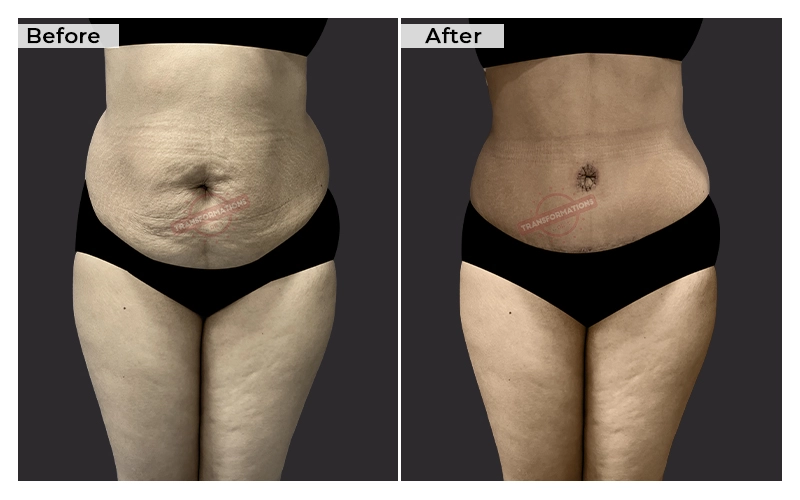 Tummy Tuck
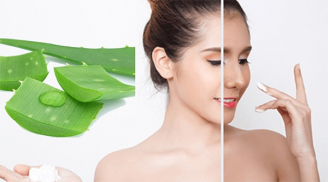 Nha đam và các cách kết hợp hỗ trợ giảm mụn, phục hồi da đúng cách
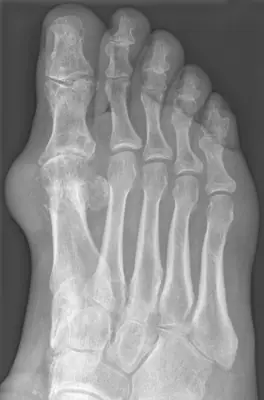 Radiograph from the case bank: Gout
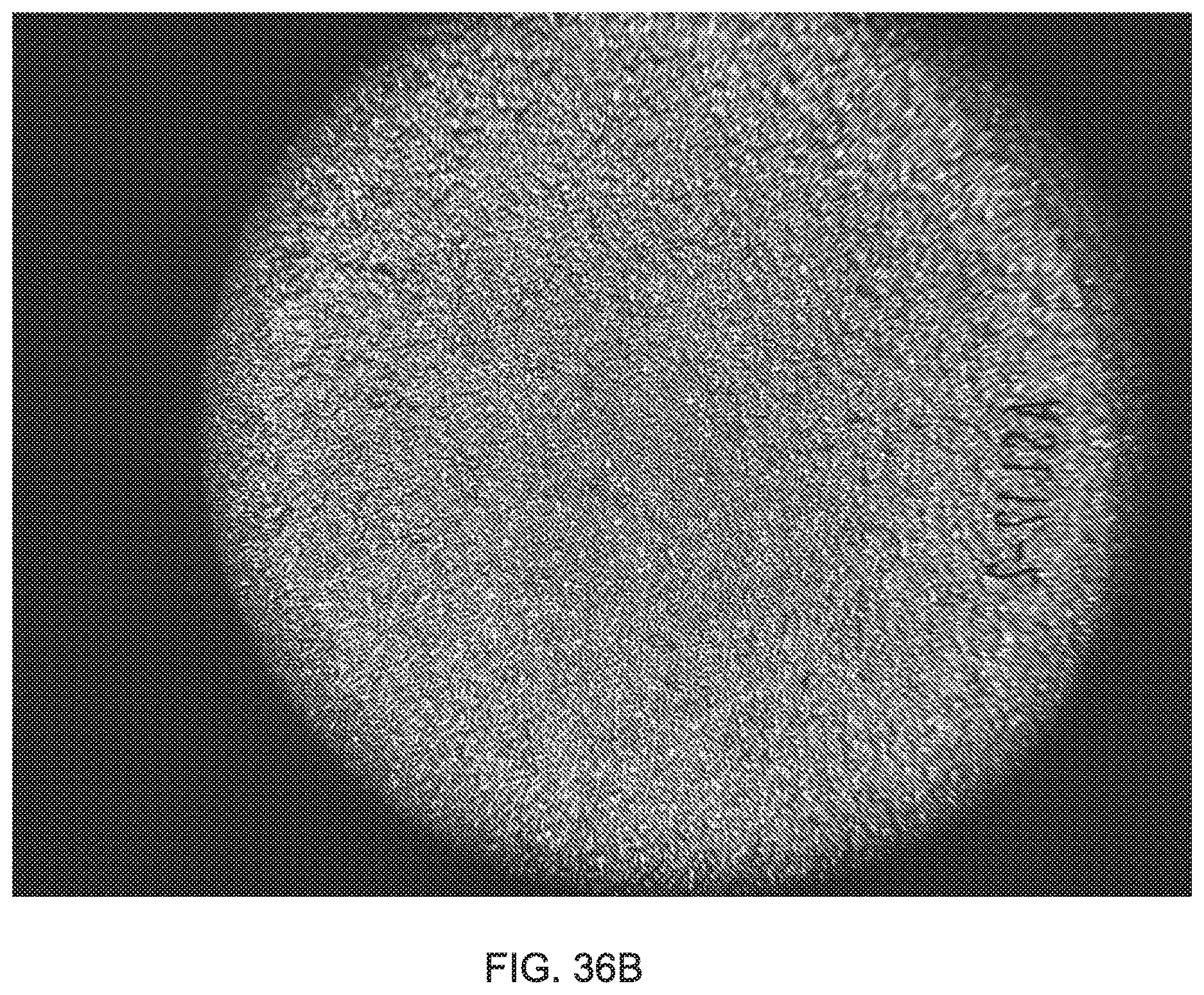 Patent US12303379 Figure 20 – Implant with elastomeric membrane and methods of fabrication thereof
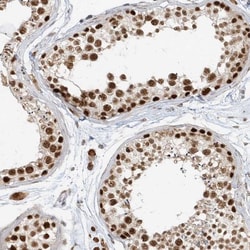 ZNF198 Antibody, Novus Biologicals:Antibodies:Primary Antibodies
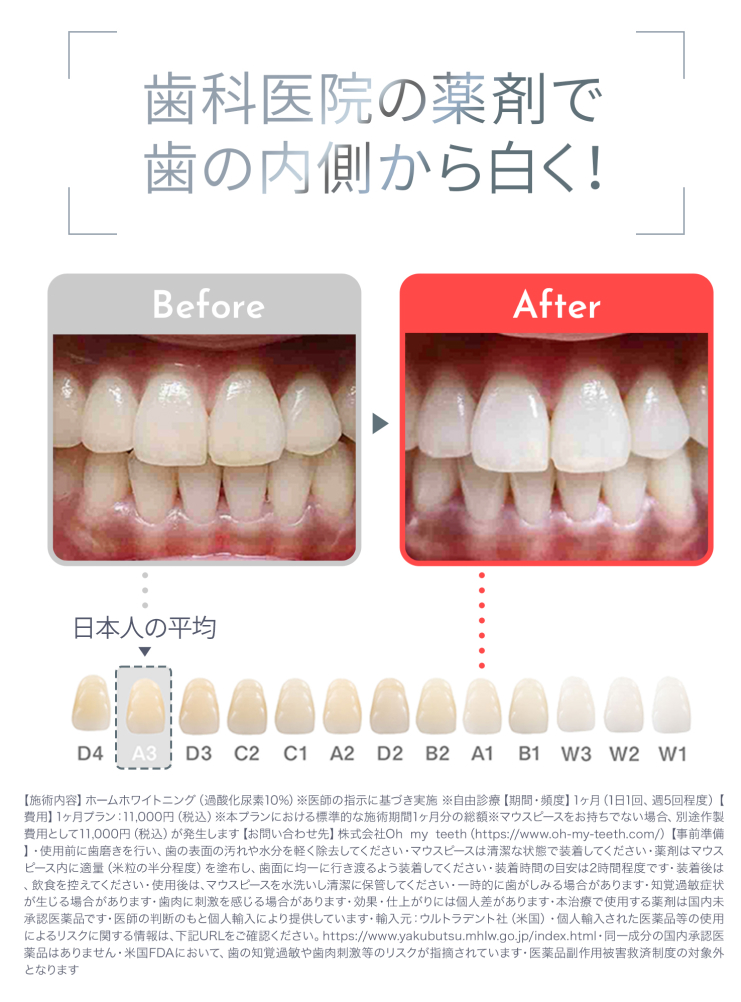 歯科医院の薬剤で歯の内側から白く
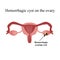 Hemorrhagic cyst on the ovary. Ovary.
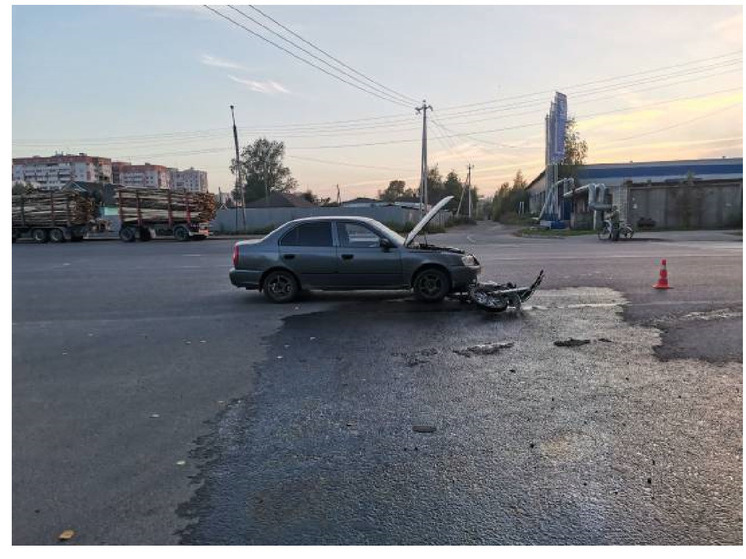 Юные питбайкеры получили травмы при ДТП в Вологде
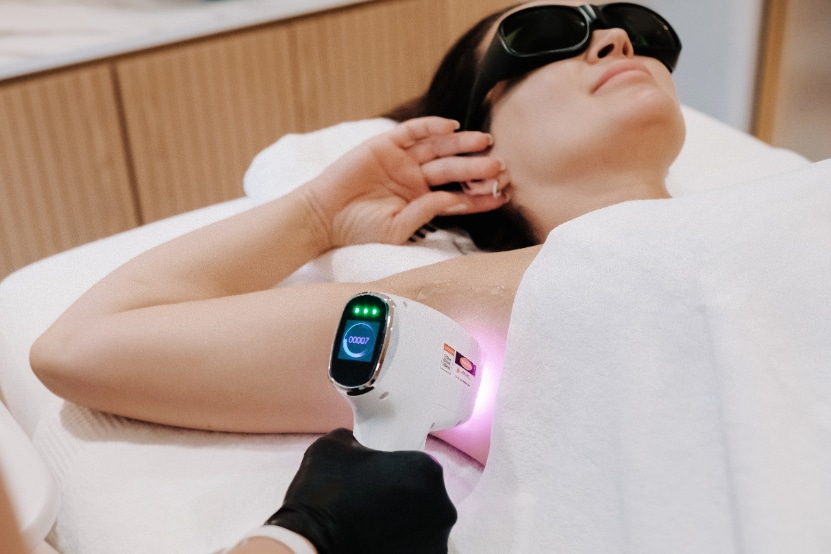 Épilation laser Bruxelles traitement efficace contre les poils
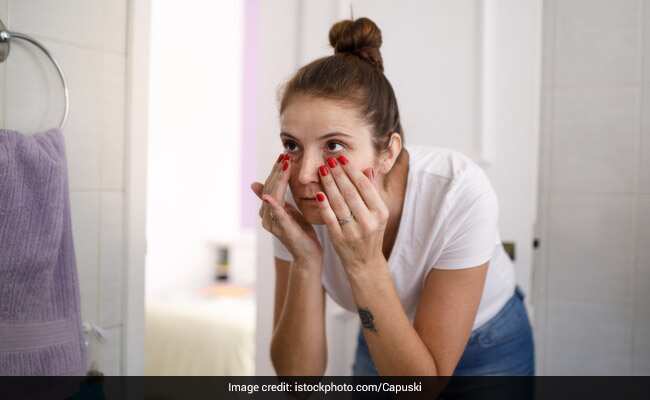 Skin Care Tips: जिद्दी डार्क सर्कल्स से तुरंत छुटकारा पाने के लिए कुछ अद्भुत घरेलू उपचार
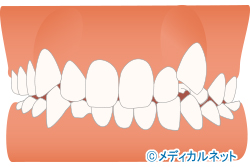 叢生(八重歯、乱杭歯)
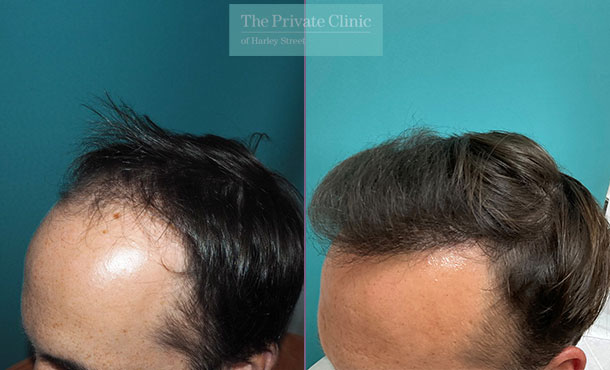 FUE Hair Transplant - 039MM - Side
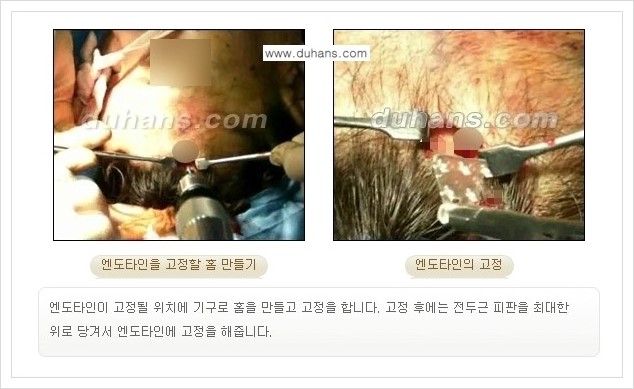 [두한성형외과 경쟁력 주름성형] - [엔도타인 리프팅 안내 ②] 관련 이미지 13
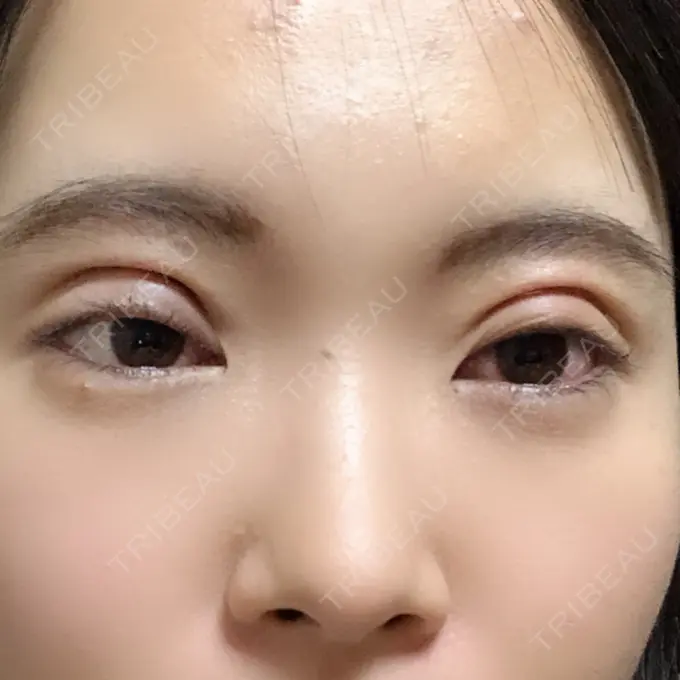 二重切開 ジョウクリニック 高知院 DAY 0 メイン用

=======

In the listing above, find the line holding "Nha đam và các" and the line holding "ZNF198 Antibody, Novus". Reproduce those two lines and all between them exactly, leaving out pictures.

 Nha đam và các cách kết hợp hỗ trợ giảm mụn, phục hồi da đúng cách
 Radiograph from the case bank: Gout
 Patent US12303379 Figure 20 – Implant with elastomeric membrane and methods of fabrication thereof
 ZNF198 Antibody, Novus Biologicals:Antibodies:Primary Antibodies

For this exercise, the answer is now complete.